I was debating a professor of Shakespeare about the merits of Romeo being the villain and whether Shakespeare himself believed him as such. Let’s say that I was unsuccessful in turning him to the dark side. But my other soap box is just as juicy…
Romeo and Juliet is not a love story.
I think this is fairly obvious in that it is a tragedy. Love stories can end sad, sure. But Romeo and Juliet goes well out of its way to show Romeo as a flaky and fickle young man when it comes to love. And Juliet is chasing something else besides love in the play.
Romeo and Juliet is a heist!
That right, the play is a heist story. Juliet is our mastermind. The target is her very own marriage, which she intends to steal for herself. Romeo is either an unwitting accomplice or the mark. The nurse and friar are co-conspirators.
Juliet has a super big problem. She is going to be married off to Paris, who she has no interest in or intention of marrying. Her father wishes for Paris to get her consent, but he isn’t going take no for an answer. Juliet is stuck, but when Romeo shows up at her window professing his love, she comes up with a plan to steal that very marriage away from Paris and her father’s promises.
Religion is the Crux
One important aspect to note is that Juliet is extremely religious. She believes that a marriage made in front of God’s servants is binding and cannot be broken by man. She sets the plan in motion. Romeo is willing to get married, and Juliet should have been a wee bit skeptical of a man willing to marry someone he just met.
Still, she marries him, and then Romeo immediately messes her entire heist up by killing Tybalt. Now Juliet must make the best out of her situation before anyone finds out of her marrying the villain. Romeo is still her husband, no matter what a screw up he’s reveled to be, so she makes a plan to run away with him, even though her parents are sending assassins after him.

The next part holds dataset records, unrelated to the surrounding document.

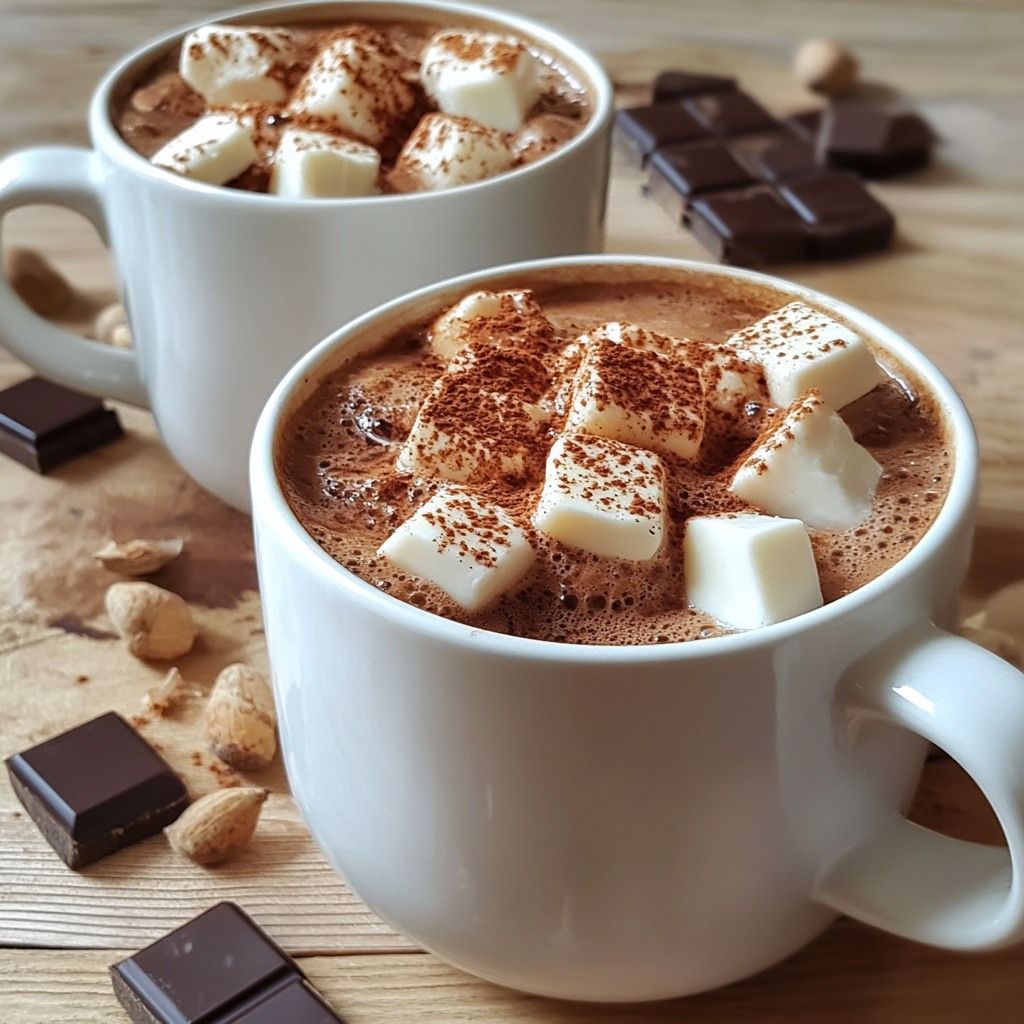 chocolate caliente taza sorpresa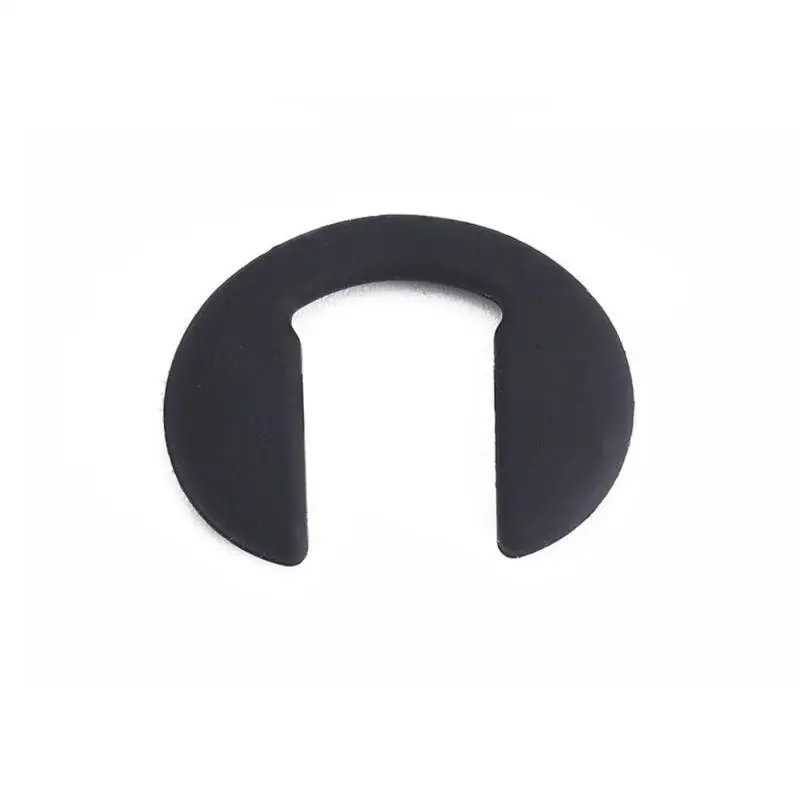 5Pcs Colorful U Shape Silicone Conjoined Kids Glasses Nose Pads Soft Anti Slip Replacement Inserts Children Eyewear Accessory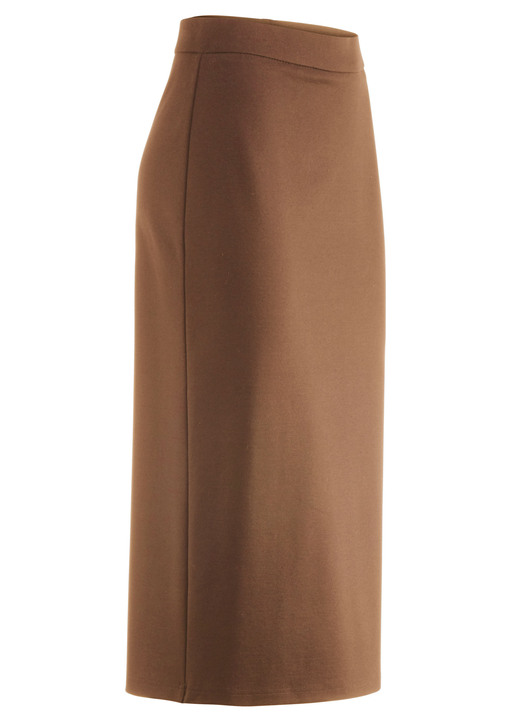 Röcke - Rock in schmaler Schnittführung, in Größe 018 bis 054, in Farbe MARINE Ansicht 8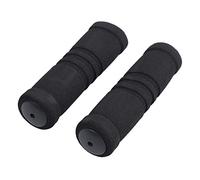Bestlymood 1 Paire Poignee Souple de Barre en Eponge de VTT Velo Noir
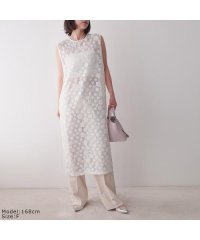TORRAZZO DONNA/トラッゾドンナ TORRAZZO DONNA TORRAZZO DONNA ワンピース 6251－325 スパンコール メッシュ/508208707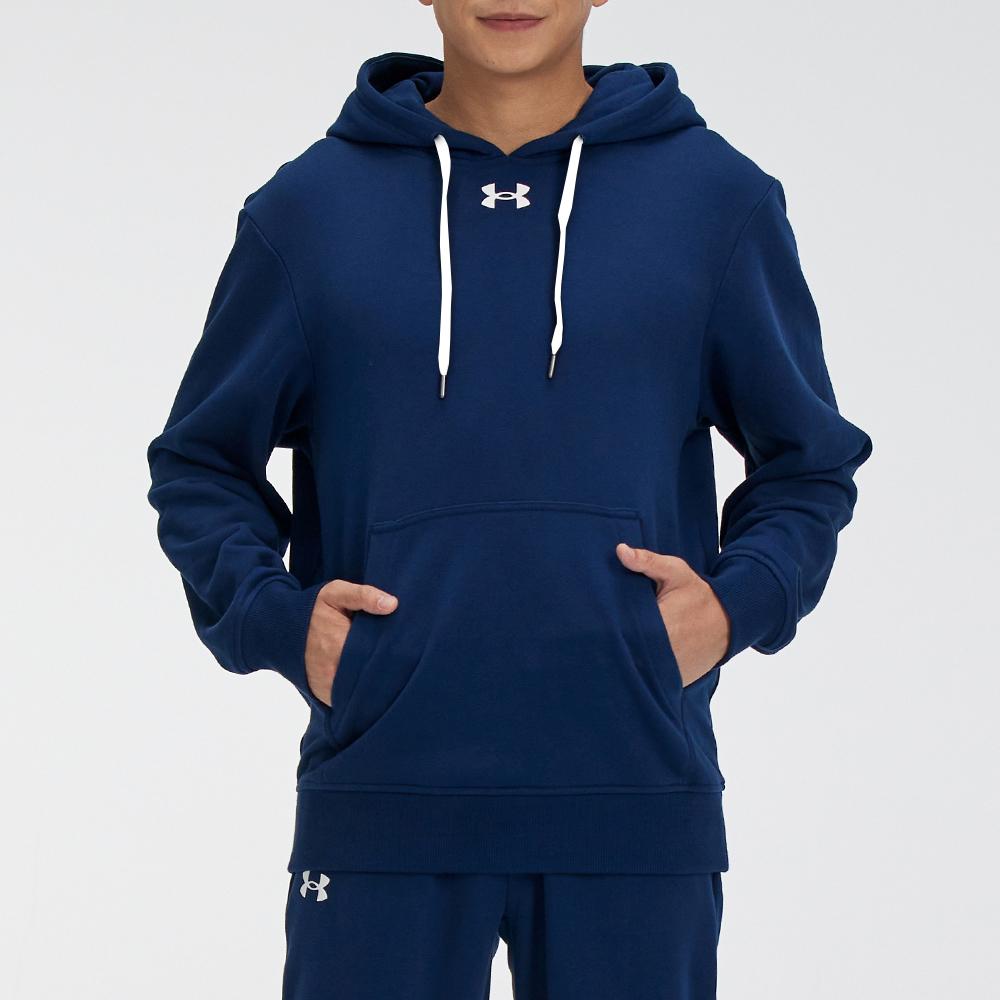 Under Armour Training Sports Knit Hoodie Men Tops Academy-Blue 21600303-408
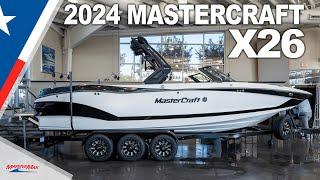 2024 MasterCraft X26 | MarineMax Dallas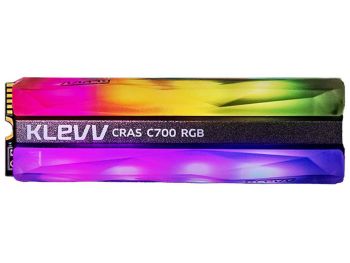 فروش اینترنتی اس اس دی اینترنال M.2 NVMe کلو مدل KLEVV CRAS C700 RGB ظرفیت 960 گیگابایت با گارانتی m.i.t group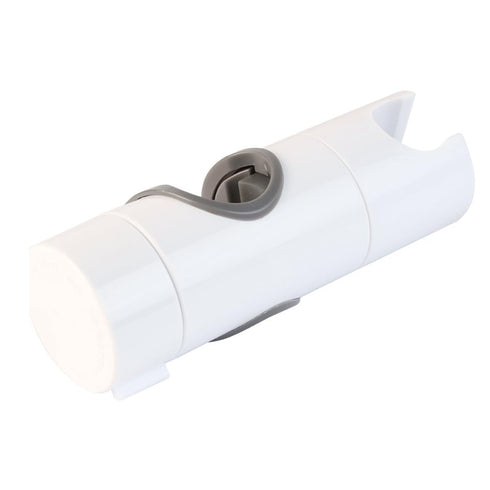 EUROSHOWERS ADJ. WHITE SLIDER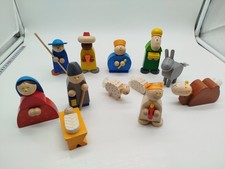 Haba weihnachtskrippe holzspie gebraucht kaufen  Berlin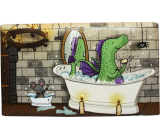 English Soap Wonderful Animals Dragon - Úžasná zvířata Drak přírodní parfémované toaletní mýdlo s bambuckým máslem pro děti 190 g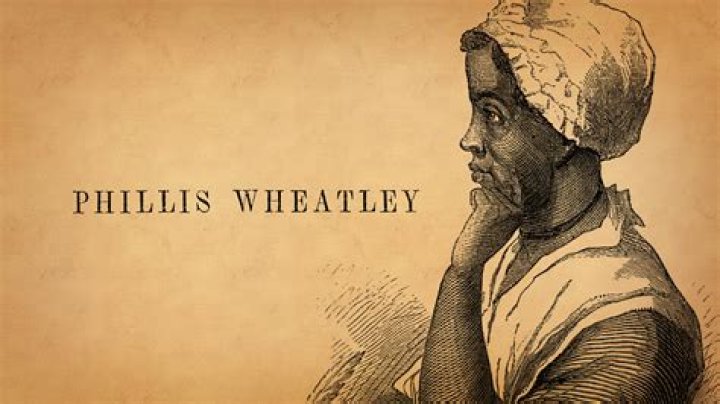 Were was phillis wheatley born?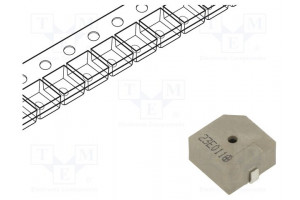 Sound transducer: electromagnetic signaller freson: 2.4kHz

The marriage is still on, but she believes marrying Paris while being married to Romeo is a sin against God. She is running out of options and time. When the Friar suggest she take a poison to fake her death, so agrees. A simple solution to running away, but when she wakes to find Romeo dead, she makes a rash and terrible decision to end her own life instead of dealing with the alternatives, which the Friar told her was a nunnery or worse.
The Bleakest Choice
She fails to see a way out. Her heist has failed.